[Captioned web image data]
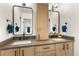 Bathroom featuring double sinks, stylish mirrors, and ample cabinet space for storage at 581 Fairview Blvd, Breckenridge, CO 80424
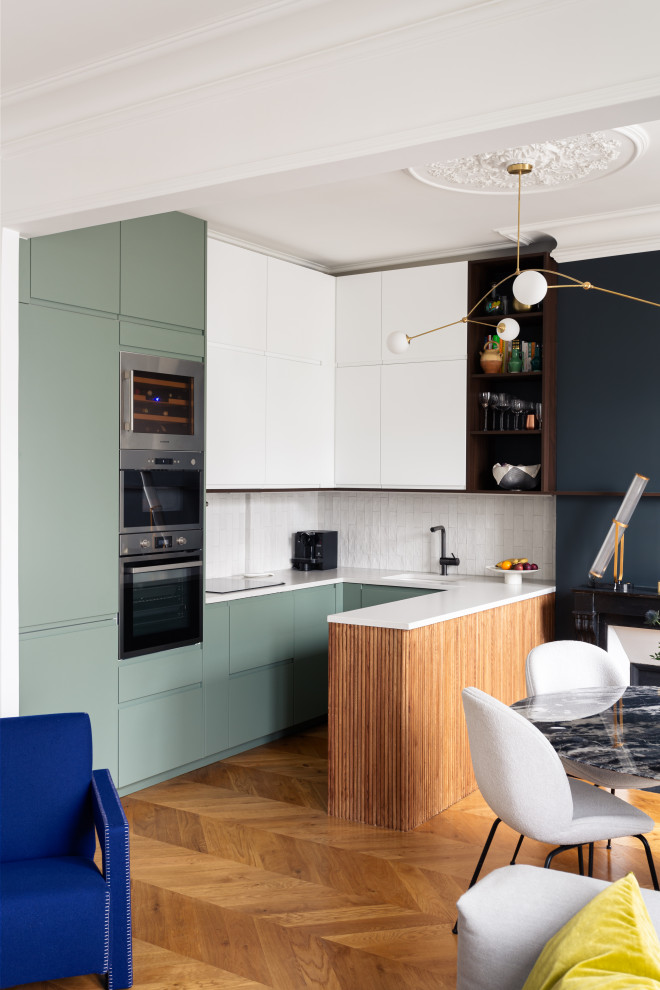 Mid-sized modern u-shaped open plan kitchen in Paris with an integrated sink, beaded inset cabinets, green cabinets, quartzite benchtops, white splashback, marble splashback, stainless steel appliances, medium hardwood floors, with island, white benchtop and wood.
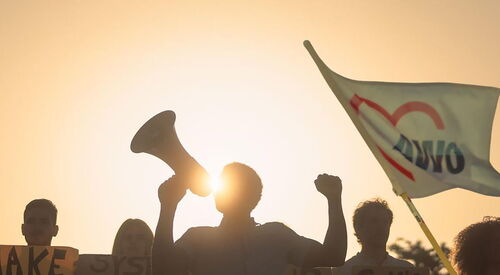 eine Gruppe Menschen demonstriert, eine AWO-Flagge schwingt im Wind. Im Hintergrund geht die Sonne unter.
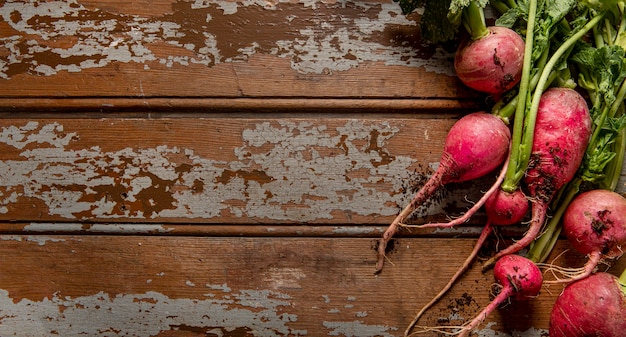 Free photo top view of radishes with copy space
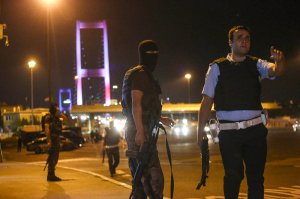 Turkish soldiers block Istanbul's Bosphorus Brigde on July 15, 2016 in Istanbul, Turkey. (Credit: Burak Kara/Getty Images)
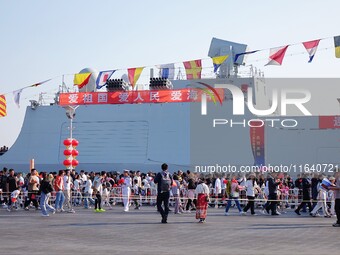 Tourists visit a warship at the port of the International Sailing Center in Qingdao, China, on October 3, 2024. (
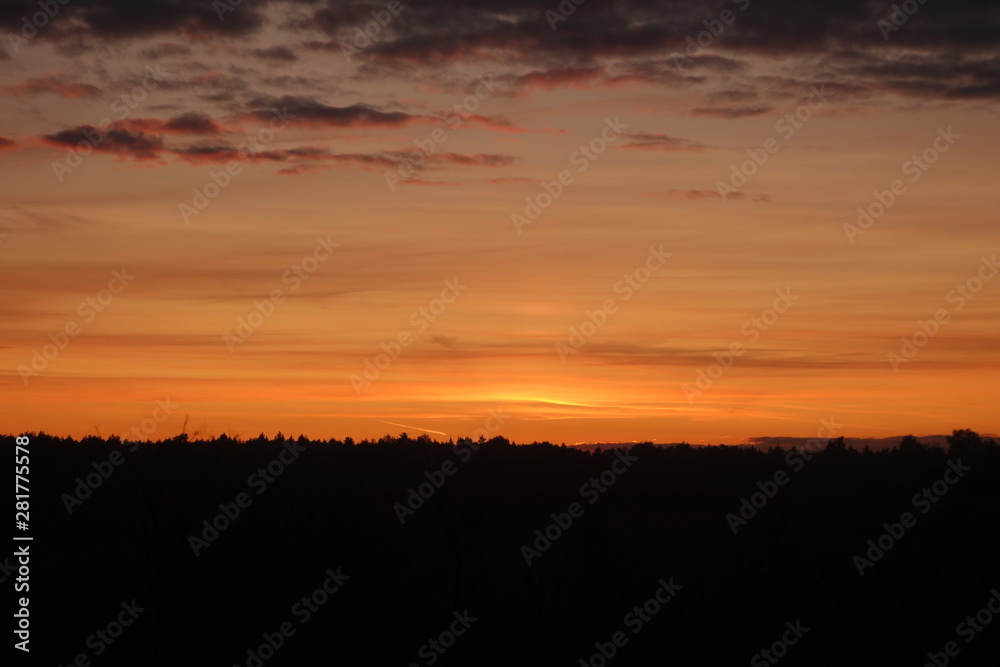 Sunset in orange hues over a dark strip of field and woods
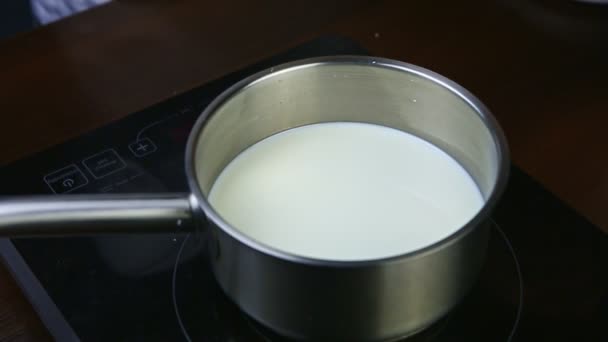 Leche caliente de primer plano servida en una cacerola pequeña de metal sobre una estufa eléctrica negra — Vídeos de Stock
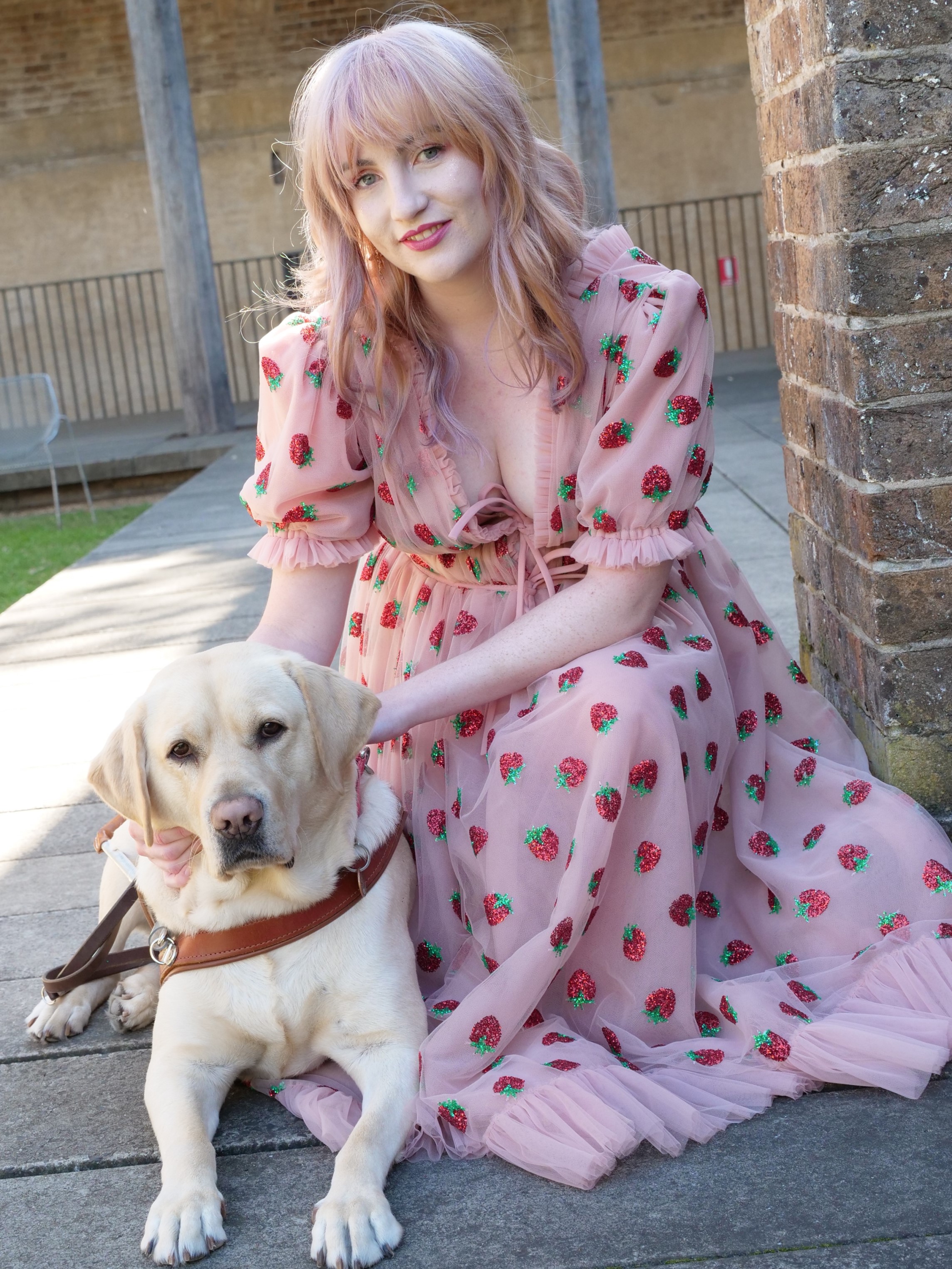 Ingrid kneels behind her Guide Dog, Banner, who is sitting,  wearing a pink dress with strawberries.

▶ [EXERCISE DESCRIPTION]:
Set every record down exactly, omitting pictures.

▶ [YOUR SOLUTION]:
 Bathroom featuring double sinks, stylish mirrors, and ample cabinet space for storage at 581 Fairview Blvd, Breckenridge, CO 80424
 Mid-sized modern u-shaped open plan kitchen in Paris with an integrated sink, beaded inset cabinets, green cabinets, quartzite benchtops, white splashback, marble splashback, stainless steel appliances, medium hardwood floors, with island, white benchtop and wood.
 eine Gruppe Menschen demonstriert, eine AWO-Flagge schwingt im Wind. Im Hintergrund geht die Sonne unter.
 Free photo top view of radishes with copy space
 Turkish soldiers block Istanbul's Bosphorus Brigde on July 15, 2016 in Istanbul, Turkey. (Credit: Burak Kara/Getty Images)
 Tourists visit a warship at the port of the International Sailing Center in Qingdao, China, on October 3, 2024. (
 Sunset in orange hues over a dark strip of field and woods
 Leche caliente de primer plano servida en una cacerola pequeña de metal sobre una estufa eléctrica negra — Vídeos de Stock
 Ingrid kneels behind her Guide Dog, Banner, who is sitting,  wearing a pink dress with strawberries.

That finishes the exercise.